So... Just stopped at Subway for lunch/dinner, The kid there I think was high as a kite. At least I hope he was. Moving like molasses and talking like he had a mouthful of cock that he was afraid to spit out. Anyway the convo went like this.
Him: blank stare.
Me: I'll have a footlong meatball sub.
Him: blank stare slowly coming into focus
Me (a little louder): I'll have a footlong meatball sub.
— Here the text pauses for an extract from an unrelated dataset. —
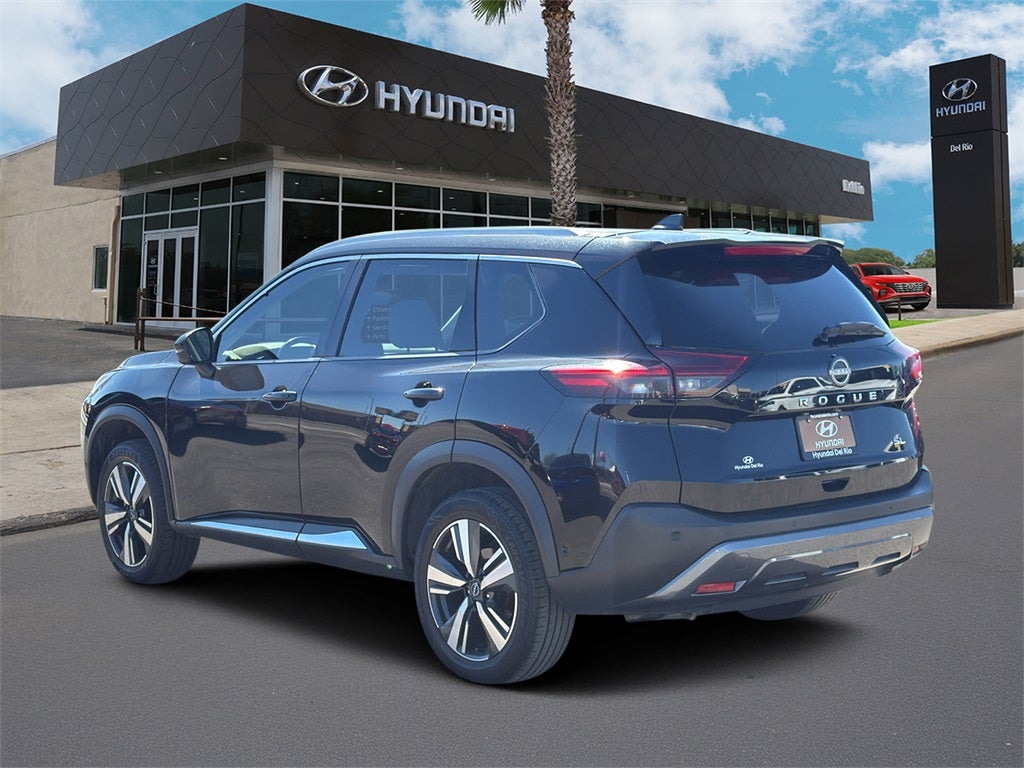 2023 Nissan Rogue SL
Him:"...footlong meatb.... toasted?"
No.
Him:"What kind of cheese?"
American.
Him:"um...Toasted?"
No.
*starts to make the sub, I noticed he is motioning to the sandwich with the spoon, he's counting the 4 meatballs he already has on the bread. (footlong is 8 total), Gets to 6 meatballs, stops and counts again. Puts two more meatballs on, counts again. At this point I realize his lips are moving every time he counts.
Double checks, yep. 8.
Him: "what kind of cheese?"
American.
Him: "toasted"
No. And nothing else on it.
*gets to register, rings it, doesn't say another word. Just stares blankly at the counter.
I decided that I'd pay with my card so I wouldn't have to count cash out 8 times. Although I probably could have told him "I gave you $100" and gotten $165 back.